Closed paukstelis closed 1 year ago
are you reusing the same branch as the last PR? It's best to delete the branch used in a PR and always start fresh with a synced new branch when starting a new one. I'm not sure how git will like trying to do a merge with previously squashed commits returning.
ahh...i did sync, but did not delete first. I am not all that well versed in git usage.
perhaps you can merge this branch into your local DEVEL branch in your fork. verify all the stuff you want is there then you can close this PR and nuke the branch.
Then when you think you are 100% ready to deliver, initiate a PR with a new feature branch of your choosing. This is the way :)

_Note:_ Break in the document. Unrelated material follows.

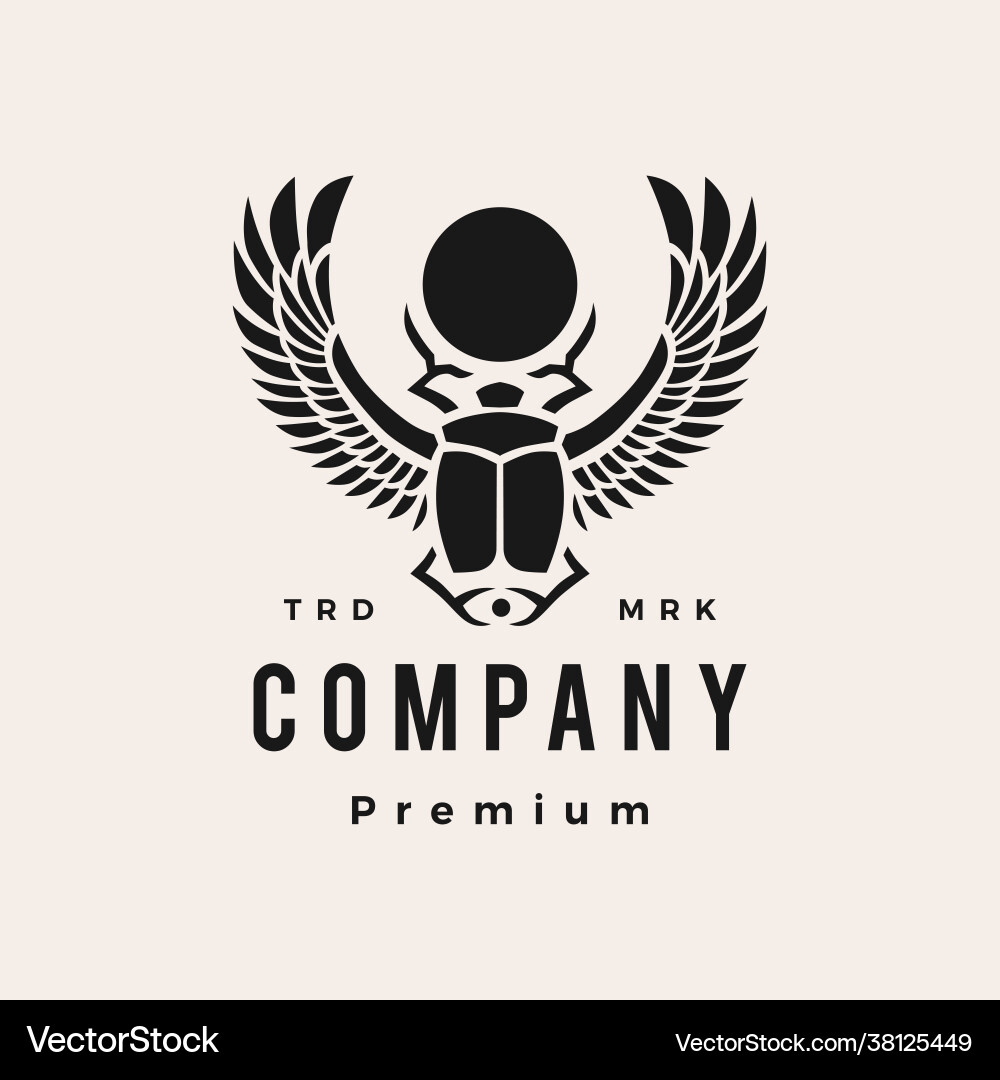 Scarab beetle egyptian hipster vintage logo icon Scarab beetle egyptian hipster vintage logo icon vector image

Seems like there is some complications because of how I initiated the fork. devel is my default branch, which I can't delete. I can rename it, but I am not sure that will get me where I want to go. I might just have to wipe and re-fork.
Okay, that actually makes sense. You were working directly in DEVEL and doing a PR from it. I did a traditional PR the other day while testing out a VS Code Pull Request / Issues extension. This is a great example of how a PR should come in:
https://github.com/synman/Octoprint-Bettergrblsupport/pull/106
Notice how it comes from a feature branch (in this case named after the issue it was fixing (issue103/)
Adds A and B axes for individual origin and as part of ALL. Fixes/improves message response.